** TASK DESCRIPTION **
Please output the entries below from the line that contains "Roasted Thanksgiving Turkey Dinner With Wine" through the final line, reproduced exactly and alone.

▶

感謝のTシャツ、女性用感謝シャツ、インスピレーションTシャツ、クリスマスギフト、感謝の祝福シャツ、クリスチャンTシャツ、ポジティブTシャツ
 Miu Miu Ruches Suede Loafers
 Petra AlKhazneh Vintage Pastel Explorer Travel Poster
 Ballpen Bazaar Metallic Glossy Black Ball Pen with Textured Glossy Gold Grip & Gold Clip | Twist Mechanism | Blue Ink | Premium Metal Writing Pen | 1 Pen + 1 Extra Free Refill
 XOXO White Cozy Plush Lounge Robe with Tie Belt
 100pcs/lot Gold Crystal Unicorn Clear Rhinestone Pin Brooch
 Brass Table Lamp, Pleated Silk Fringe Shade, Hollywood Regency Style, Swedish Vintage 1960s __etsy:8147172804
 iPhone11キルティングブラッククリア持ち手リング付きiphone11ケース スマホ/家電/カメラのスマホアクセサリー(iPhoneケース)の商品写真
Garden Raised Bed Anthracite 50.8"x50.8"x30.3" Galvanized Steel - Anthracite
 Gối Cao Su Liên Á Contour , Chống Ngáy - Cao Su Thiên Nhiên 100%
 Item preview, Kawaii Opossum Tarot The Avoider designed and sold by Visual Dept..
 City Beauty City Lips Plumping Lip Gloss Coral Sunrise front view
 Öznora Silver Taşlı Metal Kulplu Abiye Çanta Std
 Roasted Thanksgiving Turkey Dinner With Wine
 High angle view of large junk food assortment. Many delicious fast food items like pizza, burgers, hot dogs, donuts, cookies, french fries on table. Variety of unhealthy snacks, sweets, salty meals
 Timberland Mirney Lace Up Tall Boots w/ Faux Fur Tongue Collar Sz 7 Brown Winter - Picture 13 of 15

◀

** SOLVED PROBLEM **
 Roasted Thanksgiving Turkey Dinner With Wine
 High angle view of large junk food assortment. Many delicious fast food items like pizza, burgers, hot dogs, donuts, cookies, french fries on table. Variety of unhealthy snacks, sweets, salty meals
 Timberland Mirney Lace Up Tall Boots w/ Faux Fur Tongue Collar Sz 7 Brown Winter - Picture 13 of 15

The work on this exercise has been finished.